Rogério: Os álbuns do ProAc, para o consumidor final, acabam caros. Para o profissional foi ótimo, mas continua algo para o leitor mais elitizado. E sim, querer ser quadrinhista profissional (que ganha dignamente para fazer HQ) está ficando como querer ser astronauta...

Bira: Excelente lembrar da situação do cartum e da charge. O Brasil sempre teve essa tradição, que tem se perdido um pouco nos últimos anos, o que é preocupante. Mas permita-me discordar quando você diz que a situação do quadrinhista melhorou. Bom, melhorou com a poderosa divulgação que a internet proporciona, melhorou no sentido de que boas gráficas são mais acessíveis e os editais e compras do governo permitem a muita gente o sonho da publicação. Porém, não existe, fora da MSP, onde procurar trabalho como quadrinhista. Como na música, muitos quadrinhistas não são autores completos. São ou roteiristas, ou desenhistas, ou arte-finalistas, ou coloristas... Falta o que se chama de mercado de trabalho. Sério, constante, com tabelas de preço. Porque nunca se viu tanto oba-oba quanto agora, mas pra pagar conta, prêmio e curtida não resolvem muito. Não quando as contas são mensais.

Abraços a todos!!

Ale Nagado disse...

Alexandre Silva: Fala xará, fico honrado quando gente que eu respeito como colegas de ofício, como o Bira e você, aparecem pra comentar meu humilde blog. Você tem razão, os livros didáticos e a publicidade acabam sendo onde o quadrinhista mais ganha pra se manter.
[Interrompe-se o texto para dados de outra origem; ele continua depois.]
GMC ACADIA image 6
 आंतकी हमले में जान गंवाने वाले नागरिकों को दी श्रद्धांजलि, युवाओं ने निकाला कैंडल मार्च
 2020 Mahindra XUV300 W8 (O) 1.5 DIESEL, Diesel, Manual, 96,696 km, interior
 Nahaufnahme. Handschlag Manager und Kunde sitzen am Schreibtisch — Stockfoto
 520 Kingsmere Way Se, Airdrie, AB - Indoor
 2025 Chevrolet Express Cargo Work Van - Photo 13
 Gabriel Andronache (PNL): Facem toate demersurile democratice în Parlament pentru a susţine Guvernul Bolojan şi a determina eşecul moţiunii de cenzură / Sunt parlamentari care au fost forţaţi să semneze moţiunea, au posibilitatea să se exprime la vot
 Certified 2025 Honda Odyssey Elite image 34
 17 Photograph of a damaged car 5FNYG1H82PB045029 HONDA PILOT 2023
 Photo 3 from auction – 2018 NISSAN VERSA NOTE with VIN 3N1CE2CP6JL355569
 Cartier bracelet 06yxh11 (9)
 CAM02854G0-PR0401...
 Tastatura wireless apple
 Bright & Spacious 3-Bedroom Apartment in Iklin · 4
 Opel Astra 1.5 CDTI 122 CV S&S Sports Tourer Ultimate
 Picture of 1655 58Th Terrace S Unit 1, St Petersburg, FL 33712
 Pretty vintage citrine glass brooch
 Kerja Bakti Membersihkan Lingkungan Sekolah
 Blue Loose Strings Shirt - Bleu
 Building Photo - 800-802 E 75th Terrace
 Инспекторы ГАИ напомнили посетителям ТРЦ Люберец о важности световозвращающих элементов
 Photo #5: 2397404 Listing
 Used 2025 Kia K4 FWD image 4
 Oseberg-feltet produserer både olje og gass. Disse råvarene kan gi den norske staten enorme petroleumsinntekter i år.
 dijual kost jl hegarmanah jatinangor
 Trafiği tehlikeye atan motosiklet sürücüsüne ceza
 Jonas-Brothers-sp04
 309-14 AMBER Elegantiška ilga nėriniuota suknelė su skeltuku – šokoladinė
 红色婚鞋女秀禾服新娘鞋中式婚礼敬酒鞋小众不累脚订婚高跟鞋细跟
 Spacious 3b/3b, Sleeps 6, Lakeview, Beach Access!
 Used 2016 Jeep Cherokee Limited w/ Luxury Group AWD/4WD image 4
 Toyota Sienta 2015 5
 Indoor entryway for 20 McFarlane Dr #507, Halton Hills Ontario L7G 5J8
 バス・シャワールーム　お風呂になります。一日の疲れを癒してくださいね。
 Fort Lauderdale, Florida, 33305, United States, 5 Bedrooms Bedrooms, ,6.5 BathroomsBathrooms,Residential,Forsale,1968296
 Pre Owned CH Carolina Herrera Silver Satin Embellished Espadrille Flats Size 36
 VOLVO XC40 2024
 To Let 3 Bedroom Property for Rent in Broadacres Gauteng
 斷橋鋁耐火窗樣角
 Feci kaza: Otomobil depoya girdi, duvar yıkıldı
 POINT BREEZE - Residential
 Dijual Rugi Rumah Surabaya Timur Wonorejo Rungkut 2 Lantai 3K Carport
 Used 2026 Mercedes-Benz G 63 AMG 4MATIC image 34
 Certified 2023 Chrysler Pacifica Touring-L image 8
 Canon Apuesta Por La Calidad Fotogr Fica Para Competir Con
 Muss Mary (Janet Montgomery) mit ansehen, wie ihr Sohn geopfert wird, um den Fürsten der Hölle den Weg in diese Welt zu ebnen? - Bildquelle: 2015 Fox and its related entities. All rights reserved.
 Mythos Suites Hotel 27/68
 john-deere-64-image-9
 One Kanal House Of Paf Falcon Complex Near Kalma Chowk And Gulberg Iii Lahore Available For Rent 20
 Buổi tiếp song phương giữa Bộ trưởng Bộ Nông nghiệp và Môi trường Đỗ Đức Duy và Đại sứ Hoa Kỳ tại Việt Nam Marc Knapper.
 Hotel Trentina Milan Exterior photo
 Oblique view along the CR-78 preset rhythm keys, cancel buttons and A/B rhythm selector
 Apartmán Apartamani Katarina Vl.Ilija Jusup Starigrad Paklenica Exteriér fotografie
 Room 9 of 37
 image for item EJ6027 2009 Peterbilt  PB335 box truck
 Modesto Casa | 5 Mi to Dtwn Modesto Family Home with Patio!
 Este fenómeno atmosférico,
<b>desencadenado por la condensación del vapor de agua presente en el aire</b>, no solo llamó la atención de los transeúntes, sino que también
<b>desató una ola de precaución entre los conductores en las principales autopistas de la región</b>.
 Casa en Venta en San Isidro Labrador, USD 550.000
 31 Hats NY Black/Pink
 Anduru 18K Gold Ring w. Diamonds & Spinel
Gabriel: A internet é uma ferramenta espetacular pra divulgação e uma vitrine incomparável para mostrar o trabalho. No entanto, como modelo de negócios, ainda não se sabe como ganhar com HQs. Banners e anúncios rendem muito pouco e assinaturas são inviáveis. O povo sempre vai atrás do gratuito. Veja as editoras de mangá: publicam dezenas de títulos. Ninguém cogita em parar de publicar no papel pra mostrar 10 vezes mais títulos para o povo ler na web, porque aí não tem venda, não tem comércio, não tem mercado.

Hoje se confunde muito o mostrar e o publicar com a relação profissional de produzir e ser pago. Ou produzir e vender sua arte ou criação comercial.

Eu realmente acho que investir no grande público, trazer ele de volta aos quadrinhos, é o grande desafio.

É o que digo sobre o exemplo da indústria da animação. Ao invés de pegar uma lei de proteção de mercado e mamar nas tetas do sistema sem se preocupar com retorno, eles buscaram o grande público.

Em um mercado sadio, há material de nicho, material bastante autoral e etc, mas o que movimenta o mercado é a existência de empresas e autores sendo pagos, tendo de volta seu investimento e vivendo dignamente.

Só no Brasil se diz que o mercado de HQ está fantástico, mas não se consegue apontar uma dúzia de autores brasileiros que vivam de HQ sem estarem publicando no exterior ou via MSP. Ainda há um longo caminho a se percorrer e ando pensando se uma política de valorização (e não proteção) de mercado aliada à incentivos fiscais não poderia ser um bom começo.

Abraços!!
PS: E desculpe se pareço hermético nas colocações, tentei ser bastante didático.